A student excited by the result of the decades-long search for the Higgs Boson particle has paid his tribute ... in a capella form.
More than 70,000 YouTube viewers have already enjoyed Tim Blais's song, 'Rolling in the Higgs' - a parody of 'Rolling in The Deep' by soul singer
Adele.
The student, from McGill University in Montreal, Canada, explains how the Higgs was found with perhaps the most lucid explanation ever set to
music.
There's a collider under Geneva
Reaching new energies that we've never achieved before
Finally we can see with this machine
A brand new data peak at 125 GeV
See how gluons and vector bosons fuse
Muons and gamma rays emerge from something new
There's a collider under Geneva
Making one particle that we've never seen before
The complex scalar
Elusive boson
Escaped detection by the LEP and Tevatron
The complex scalar
What is its purpose?
It's got me thinking
Chorus:
We could have had a model (Particle breakthrough, at the LHC)

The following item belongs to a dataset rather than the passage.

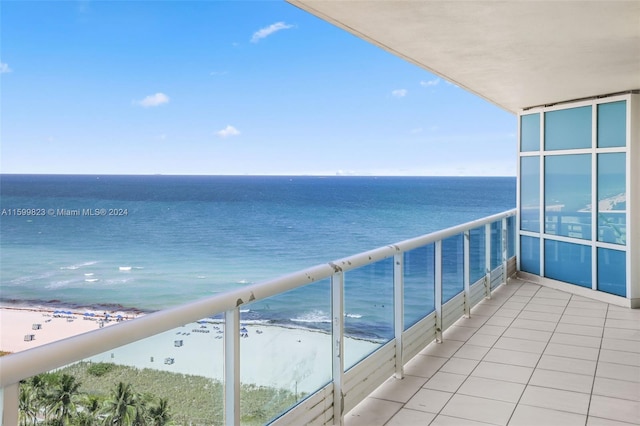 balcony with a water view and a beach view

Without a scalar field (5-sigma result, could it be the Higgs)
But symmetry requires no mass (Particle breakthrough, at the LHC)
So we break it, with the Higgs (5-sigma result, could it be the Higgs)
Baby I have a theory to be told
The standard model used to discover our quantum world
SU(3), U(1), SU(2)'s our gauge
Make a transform and the equations shouldn't change
The particles then must all be massless
Cause mass terms vary under gauge transformation
The one solution is spontaneous
Symmetry breaking
Roll your vacuum to minimum potential
Break your SU(2) down to massless modes
Into mass terms of gauge bosons they go
Fermions sink in like skiers into snow
.
edit on 28/8/2012 by B3lz3buth because: (no reason given)
Thats an awesome video and song. Good job on that guy. Its good to see a nice science oriented song pop up once in awhile. Wish i could sing like that
haha
Wow intelligent music who would have thought it!
Love it!
Wish all the kids were doing this and listening to this instead of singing about sex and drugs and laying on a bed in their videos!